Hi,
I'm planning to run TPC-DS benchmarks on PostgreSQL and wanted to ask the community about the current recommended approach.
Some background: I've been running TPC-DS on Greenplum-based databases for a long time using adapted tooling (modified queries, load scripts, etc. for the MPP environment).

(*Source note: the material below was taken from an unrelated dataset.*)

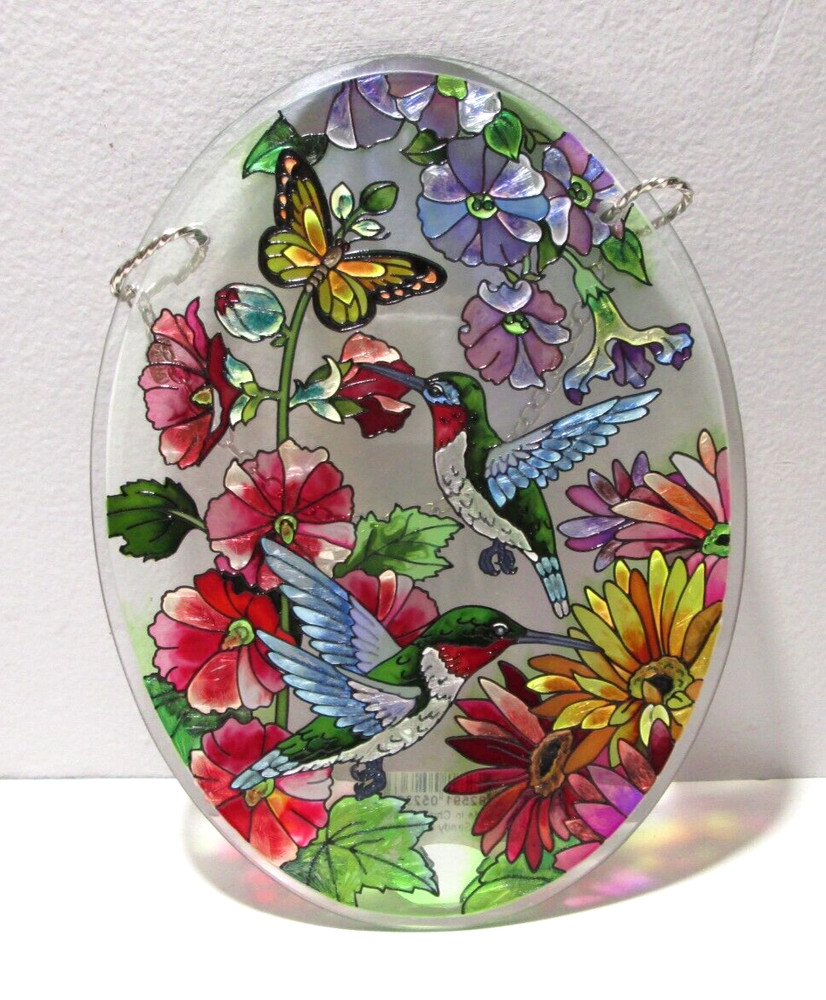 🙂 AMIA Hummingbirds Floral Oval Painted Etched Glass Suncatcher Chain 7″x 5.25″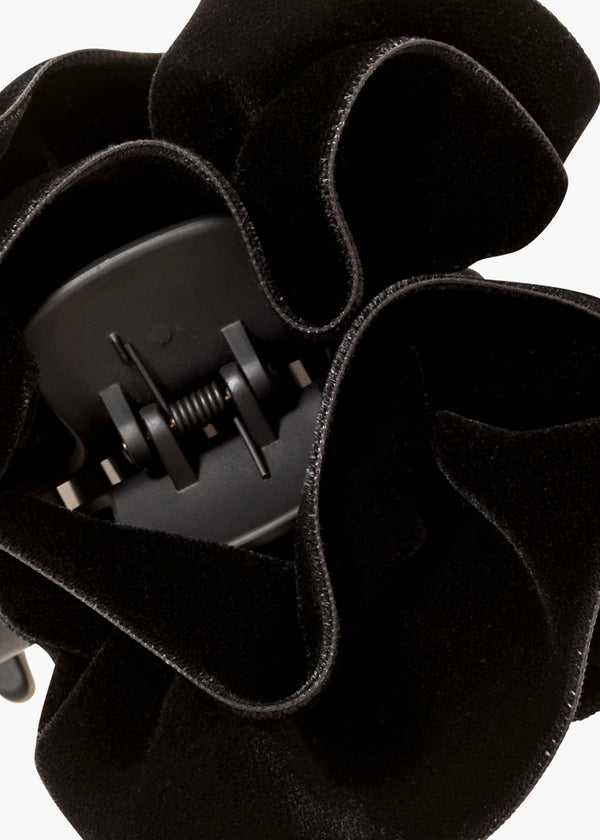 Jennifer Behr Velvet Ruffle Jaw Clip Black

Now I'd like to benchmark on PostgreSQL as well, and I'm wondering whether the community has converged on a standard tool or workflow — or if everyone is still downloading the official TPC-DS kit and doing their own PostgreSQL adaptations.
A few specific questions:
1. Is there a commonly-used, well-maintained TPC-DS toolset for PostgreSQL? I know some tpcds tools for postgres like gregrahn/tpcds-kit(its tpcds version is 2.x, but the newest tpcds version is 4.x) on GitHub, but I'm curious if there's anything more "official" or widely adopted in the community — something that handles data generation, PostgreSQL-compatible DDL, query adaptation, and result collection out of the box.
2. TPC-DS is now at version 4.0. Which version of the specification are people currently using for PostgreSQL benchmarking? Is there a practical reason to prefer an older version (e.g., v2.x or v3.x) over the latest?
Any pointers to repos, scripts, wiki pages, or past threads would be greatly appreciated.
--
Zhang Mingli
HashData